Maspalomas, desierto animado

Denostada durante siglos, la punta sur de Gran Canaria se convirtió en la milla de oro del turismo y la plataforma que atestigua las tres grandes revoluciones del mundo isleño

Vista aérea de la Punta de Maspalomas, presidida por el faro construido por Juan de León y Castillo a finales del XIX.

Lo que hoy se ve desde una hamaca en el que es uno de los mayores reclamos turísticos de Gran Canaria, y que habrá sido retratado por buena parte de los cuatro millones de turistas que han visitado la isla en los últimos doce meses, no deja entrever que la punta de Maspalomas, su faro, su yacimiento de Punta Mujeres, -ambos declarados Bien de Interés Cultural-, y La Charca, que se encuentra en proceso de la misma catalogación, resumen siglos de supervivencia en uno de los ecosistemas más duros del archipiélago.

Bajo el epígrafe La luz que guía la historia, el Cabildo de Gran Canaria ofrecerá unos recorridos guiados en torno a la gran linterna levantada a finales del XIX para recorrer el camino que lleva desde la cultura prehispánica asentada al borde del mar del sur, hasta la colonización y posterior trajín de piratas, naves, trasuntos tomateros y explosión turística.

Toda esta latitud, que por árida y por falta de recursos hídricos fue la malquerida de los nuevos colonos, al punto de permanecer durante cientos de años como tierras de realengo de la Corona de Castilla, fue sin embargo despensa y sustento de unos antiguos canarios que sí supieron con garbo extraer del océano el marisco y el pescado.

Esto se deduce de la presencia y los vestigios de Punta Mujeres, hoy casi en la línea del agua y cortado a rente por el paseo de Meloneras.

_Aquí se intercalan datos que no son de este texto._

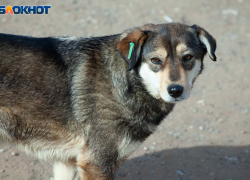 Волжане подают обращения против эвтаназии собак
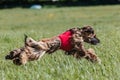 Afghan borzoi dog running lure coursing competition on field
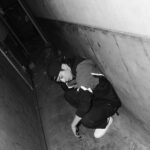 Ryo Yokoyama Instagram – テーマは「お前そんなとこいたら化けの皮のストックにされるぞ」です。(嘘）
写真集、こんな感じでちょっといかつい？感じの写真も入れちゃいました。
3月20日発売予定になります。
よろしくお願い致します。
#ワニブックス
#横山涼
#写真集
#りょう
#横浜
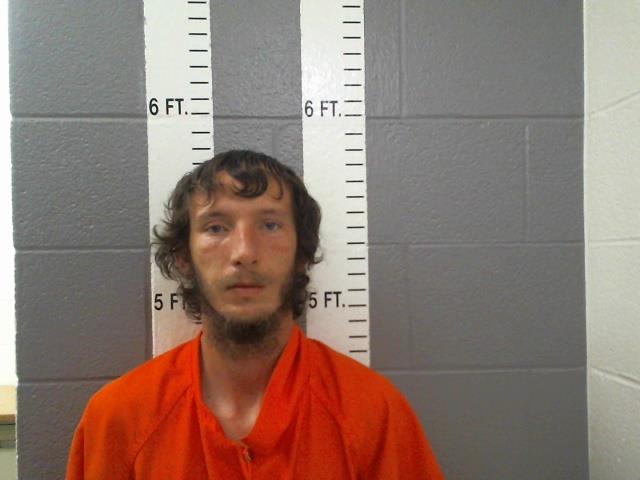 Mugshot of MICHAEL TANNER SKELTON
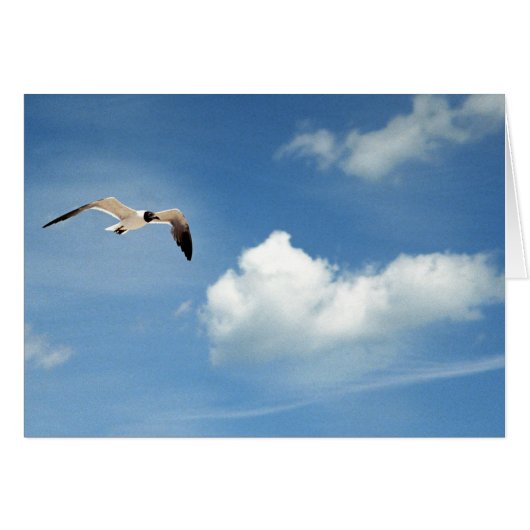 Summer Sky Cards (Front Horizontal)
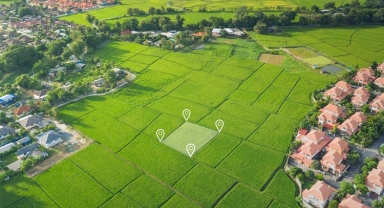 İşlenmeyen Tarım arazileri kiraya verilecek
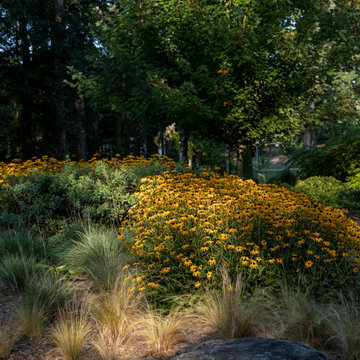 Azaroff Garden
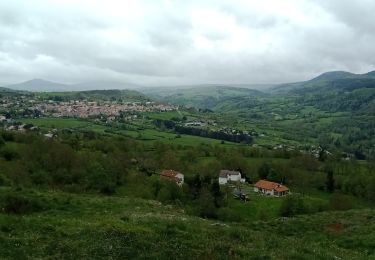 Trail Walking Le Puy-en-Velay - 1 Stevenson Le Puy en Velay - Le Monastier sur Gazeille - Photo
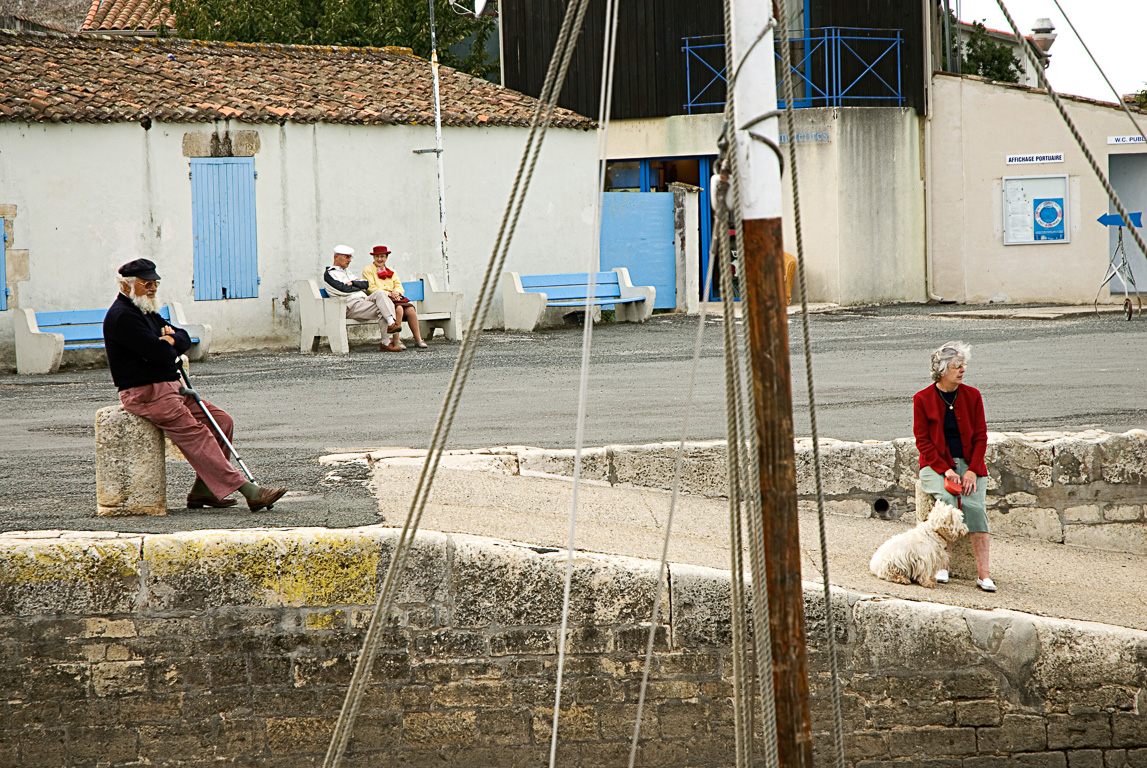 17113 - Mornac-sur-Seudre.  Le port ostreicole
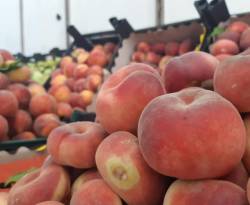 ارتفاع قياسي في أسعار الخضار والفواكه بدمشق خلال عطلة العيد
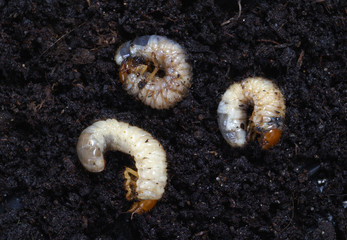 Grubs in the soil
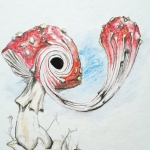 Vliegenzwam in Vliegenzwam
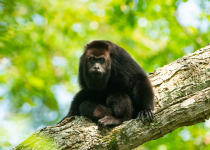 Black Howler monkey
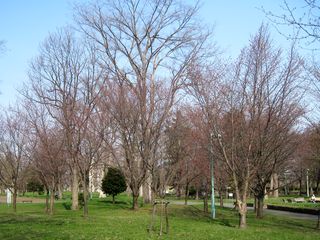 tokiwa_2016_0503_002.jpg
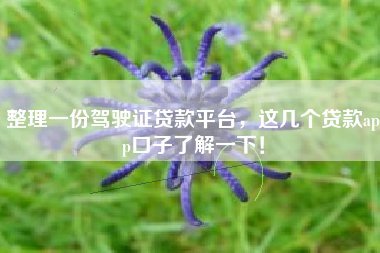 整理一份驾驶证贷款平台，这几个贷款app口子了解一下！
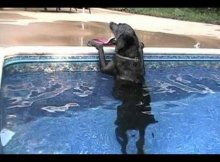 choc lab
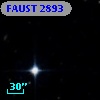 FAUST 2893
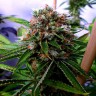 Buddha's Sativa feminised Ganja Seeds Buddha's Sativa feminised Ganja Seeds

El asentamiento constituía un anexo más de otros recintos para vivos y también para muertos, como el de la cercana necrópolis de Lomo Perera, descubierta cuando las obras de la variante de la autovía del Sur, y cuyos restos humanos, tras pasar un calvario de años abandonados en unas naves, hoy reposan con dignidad en el Museo Canario, dando cumplimiento a una deuda histórica de Patrimonio con aquella población.

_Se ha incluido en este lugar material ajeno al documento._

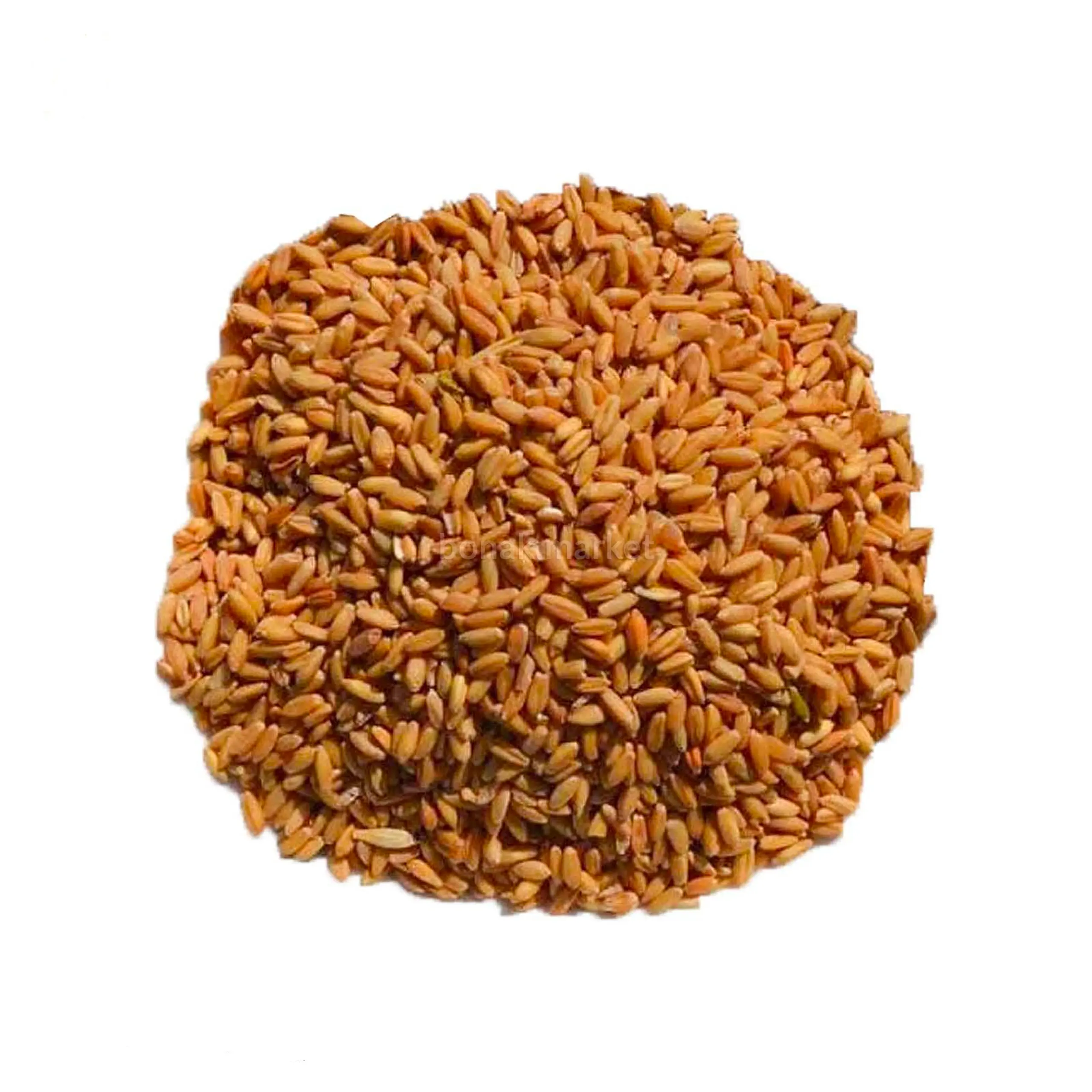 گندم مرغی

A esos vestigios hay que añadir indicios. Como los focos de combustión de las Dunas de Maspalomas excavados recientemente y que arrojan dataciones de los siglos VIII y el IX. Todo este conjunto confirma los primeros usos de la desembocadura de las aguas corrientes del barranco de Tirajana y que conformaban un oasis real y metafórico de recursos marinos y domésticos, como la leña y la madera que aliñaban la vegetación de un paisaje al que se sumaban los ganados de cabra que transitaban de allí a medianías y cumbres.

Una vez que Canarias entra a formar parte de Corona de Castilla el sur tarda siglos en variar de postal, por la falta de interés de los colonos. Era solo tierra árida para el europeo o un recurso de última hora para piratas, conquistadores de continentes y navegantes que hacen allí sus aguadas. Con el tiempo hasta de un submarino alemán, como el que fue hundido por la aviación inglesa en el lugar.

Pero mucho antes fue un holandés el que bautizó, con mayor probabilidad, el nombre de la bahía vecina, la de Playa del Inglés. David Naranjo Ortega, arqueólogo y guía de la consejería de Patrimonio del Cabildo, ilustrará a la visita cómo las aguas de La Charca, a pesar de ser salobres, eran totalmente potables, y cómo los recursos, desde aves o maderas que se podían extraer en un mundo que abarcaba desde Montaña de Arinaga hasta La Aldea, funcionaba como engodo para cualquier marinería rumbo a horizontes remotos. Aunque fuera incluso para restregarse las heridas, como le ocurrió a Van der Does, cuando tras arrasar en 1599 la capital de la isla casi por completo se embarca en su armada y para en Maspalomas para avituallarse y enterrar a sus muertos. Ahí es cuando algunos estudios sitúan al corsario holandés como el inglés que da nombre a la playa.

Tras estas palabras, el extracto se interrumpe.